TIMESAFE: Timing Interruption Monitoring and Security Assessment for Fronthaul Environments
Joshua Groen, Simone Di Valerio, Imtiaz Karim, Davide Villa, Yiewi Zhang, Leonardo Bonati, Michele Polese, Salvatore D'Oro, Tommaso Melodia, Elisa Bertino, Francesca Cuomo, Kaushik Chowdhury
TL;DR
This work addresses the critical risk of timing interruption in open fronthaul networks by demonstrating that PTP-based synchronization can be catastrophically disrupted through spoofing and replay attacks in production-grade O-RAN setups. It introduces TIMESAFE, a transformer- and CNN-enabled ML-based detection pipeline that operates on traffic patterns to identify malicious timing activity in real time, outperforming heuristic approaches and achieving up to $>$99% detection accuracy in production scenarios.
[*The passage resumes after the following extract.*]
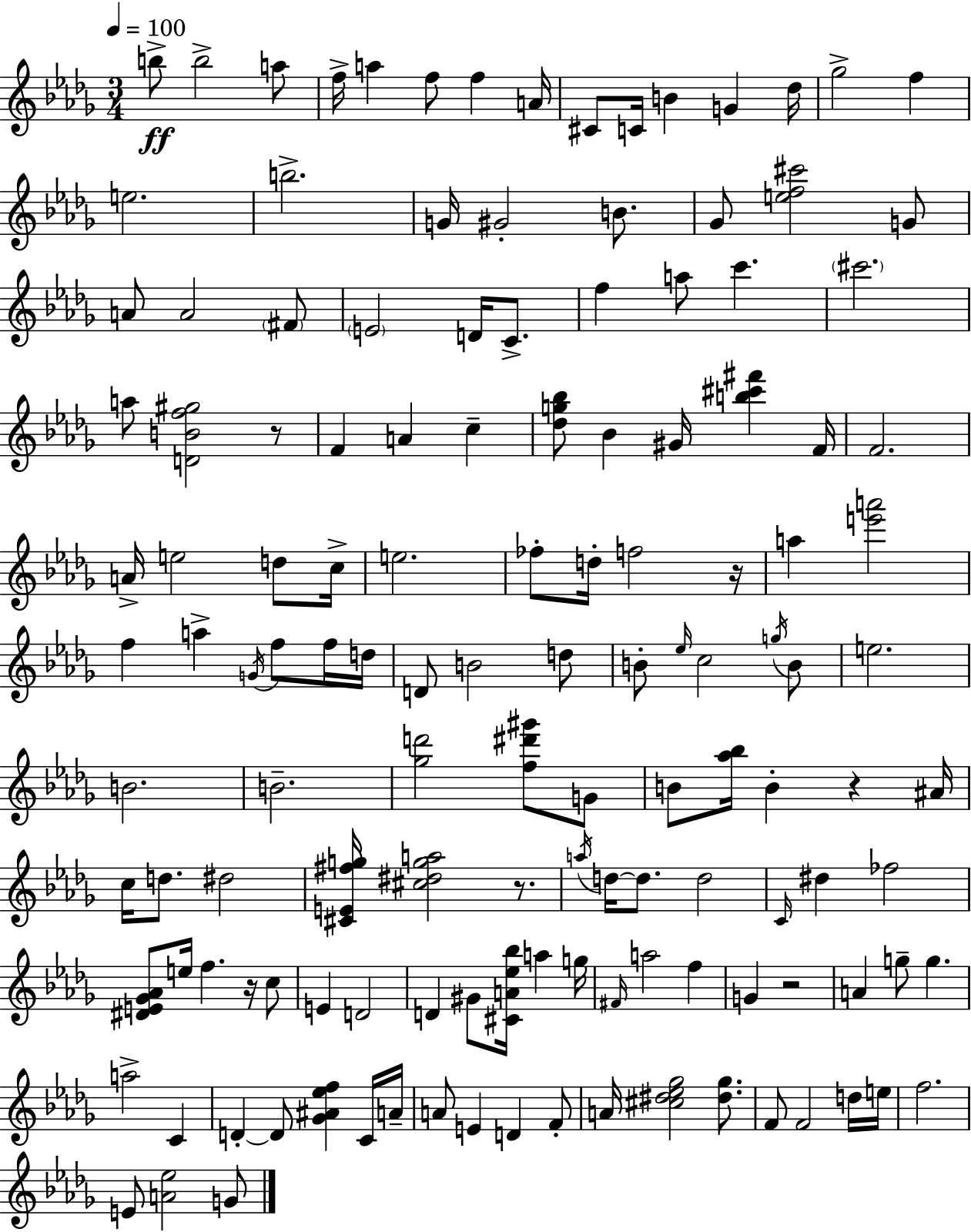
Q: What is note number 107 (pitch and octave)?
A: A4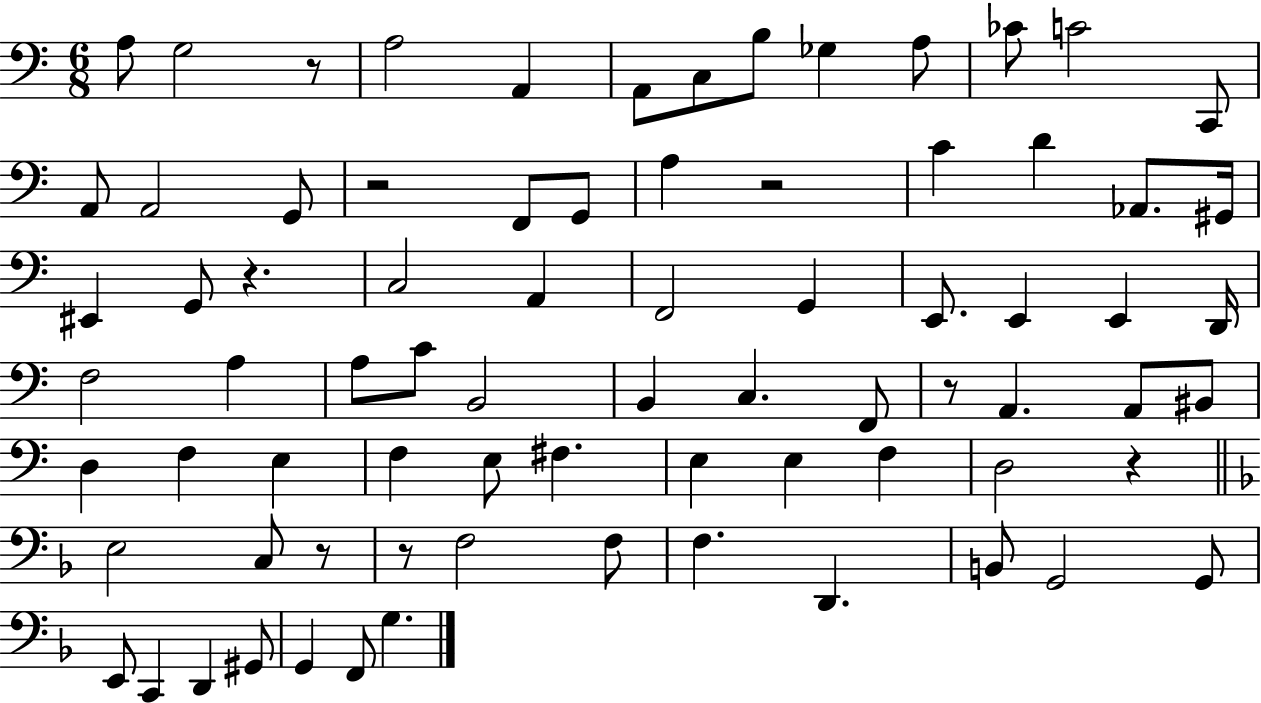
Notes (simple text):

A3/e G3/h R/e A3/h A2/q A2/e C3/e B3/e Gb3/q A3/e CES4/e C4/h C2/e A2/e A2/h G2/e R/h F2/e G2/e A3/q R/h C4/q D4/q Ab2/e. G#2/s EIS2/q G2/e R/q. C3/h A2/q F2/h G2/q E2/e. E2/q E2/q D2/s F3/h A3/q A3/e C4/e B2/h B2/q C3/q. F2/e R/e A2/q. A2/e BIS2/e D3/q F3/q E3/q F3/q E3/e F#3/q. E3/q E3/q F3/q D3/h R/q E3/h C3/e R/e R/e F3/h F3/e F3/q. D2/q. B2/e G2/h G2/e E2/e C2/q D2/q G#2/e G2/q F2/e G3/q.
The authors validate the approach through a production-ready private 5G testbed and a Digital Twin, revealing substantial outage risks and providing a practical, open-source framework for attack analysis, detection model training, and dataset sharing. The study highlights the need for adaptive security in disaggregated fronthaul, suggesting that combining detection with preventive measures (e.g., authentication and redundancy) offers cost-effective resilience for 5G and beyond.
Abstract
5G and beyond cellular systems embrace the disaggregation of Radio Access Network (RAN) components, exemplified by the evolution of the fronthaul (FH) connection between cellular baseband and radio unit equipment. Crucially, synchronization over the FH is pivotal for reliable 5G services. In recent years, there has been a push to move these links to an Ethernet-based packet network topology, leveraging existing standards and ongoing research for Time-Sensitive Networking (TSN). However, TSN standards, such as Precision Time Protocol (PTP), focus on performance with little to no concern for security. This increases the exposure of the open FH to security risks. Attacks targeting synchronization mechanisms pose significant threats, potentially disrupting 5G networks and impairing connectivity. In this paper, we demonstrate the impact of successful spoofing and replay attacks against PTP synchronization. We show how a spoofing attack is able to cause a production-ready O-RAN and 5G-compliant private cellular base station to catastrophically fail within 2 seconds of the attack, necessitating manual intervention to restore full network operations. To counter this, we design a Machine Learning (ML)-based monitoring solution capable of detecting various malicious attacks with over 97.5% accuracy.